3. \points{16 total} 
Now you will investigate how much better you can do on this MNIST task
using a simple kind of nonlinear featurization.
Neural networks where the first layer weights are untrained end up 
being equivalent to linear models, just like when we formed 
polynomial features and fit polynomial models using ridge regression.
Here we will use a cosine nonlinearity, which is different
than the common ones used in networks but has connections to kernel methods.
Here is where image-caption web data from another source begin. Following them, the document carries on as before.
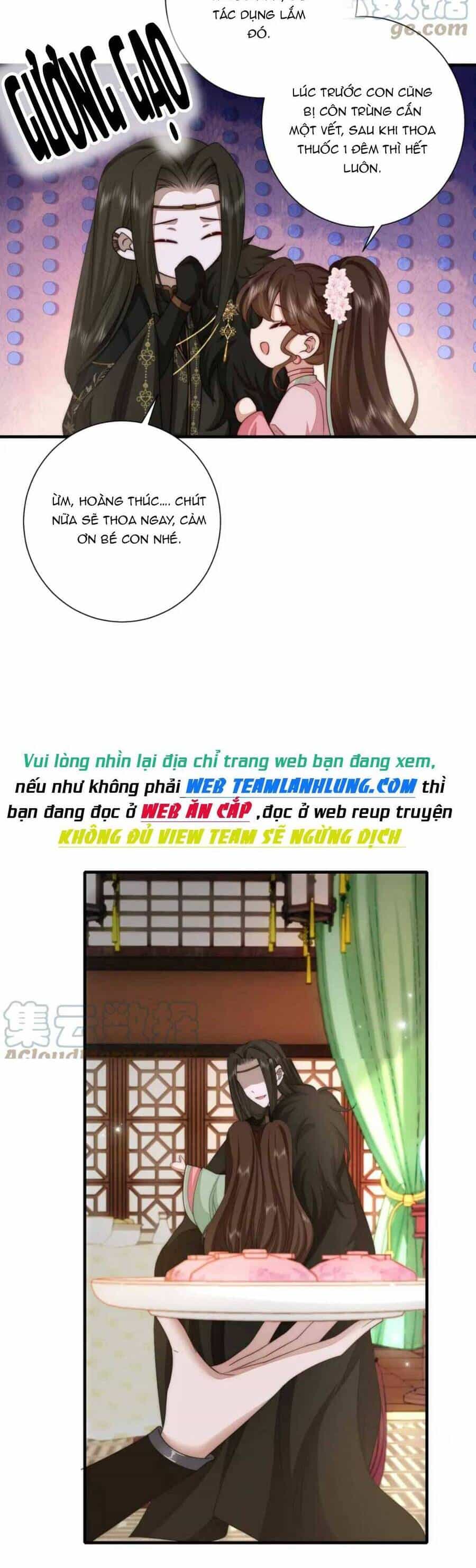 Cách Thức Sinh Tồn Của Pháo Hôi Khuê Nữ - Chương 139 - ảnh 5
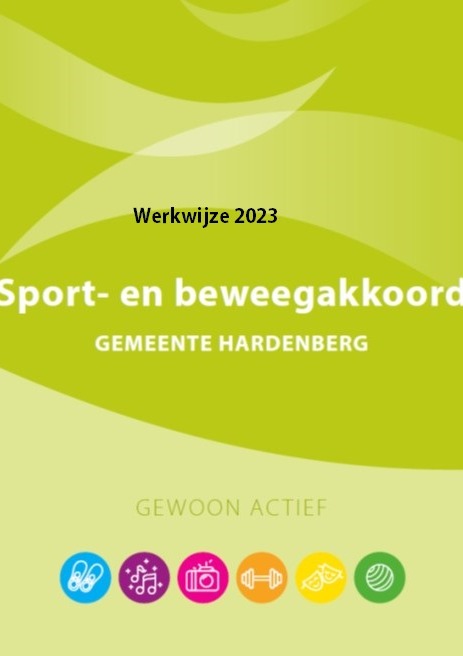 Werwijze SBA 2023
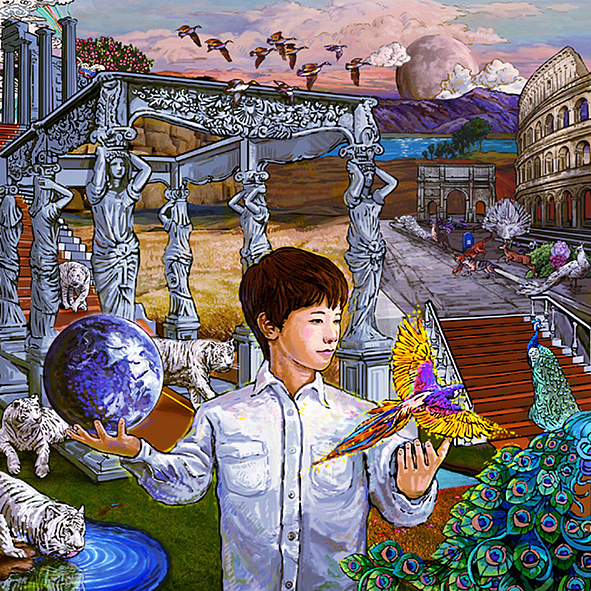 1（图ZMzc1NjEyNDA=） - 商业插画 - 站酷设计师大卫卡森原创素材 - 站酷ZCOOL
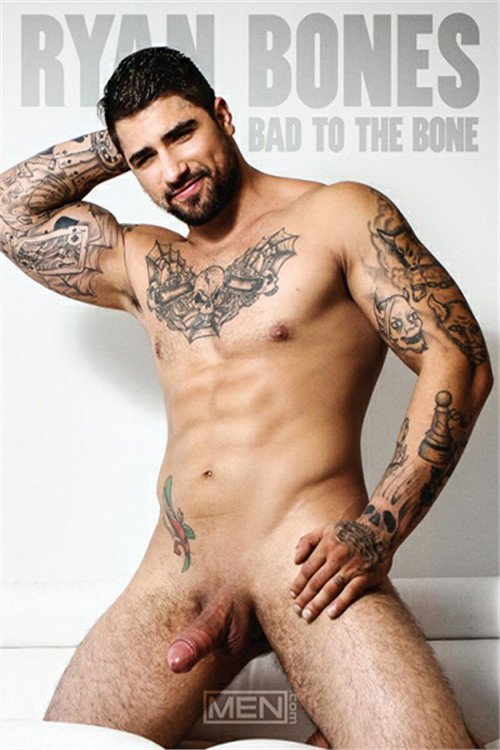 Movie poster for Ryan Bones: Bad to the Bone (2019)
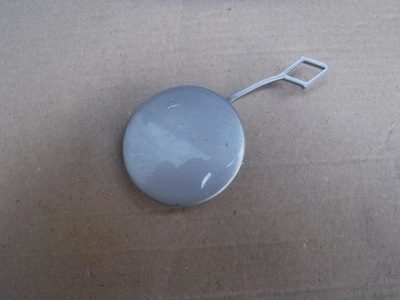 Заглушка бампера задняя mercedes w169 a1698850081 фото №1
We will think of taking the original $d$-dimensional features (pixel intensities)
and {\em nonlinearly transforming} them into a $p$-dimensional second layer,
where the $p$-dimensional vectors representing 2's and 7's are more easily separable.
Use:
\begin{equation}
  \vec h = \cos(G \vec x + \vec c) \, \in \R^p \,,
\label{eq:RFs}
\end{equation}
where $\vec c \in \R^p$ is a vector with entries $c_i$ sampled iid uniformly from $[0, 2\pi]$
(use {\tt np.random.rand} and rescale),
$G \in \R^{p \times d}$ is a vector with entries $G_{ij}$ sampled iid
from $\mathcal{N}(0, \sigma^2)$
(use {\tt np.random.randn} and rescale;
note that $\sigma^2$ is the variance of the random variable
and that you should rescale by the standard deviation),
and the cosine nonlinearity is applied pointwise.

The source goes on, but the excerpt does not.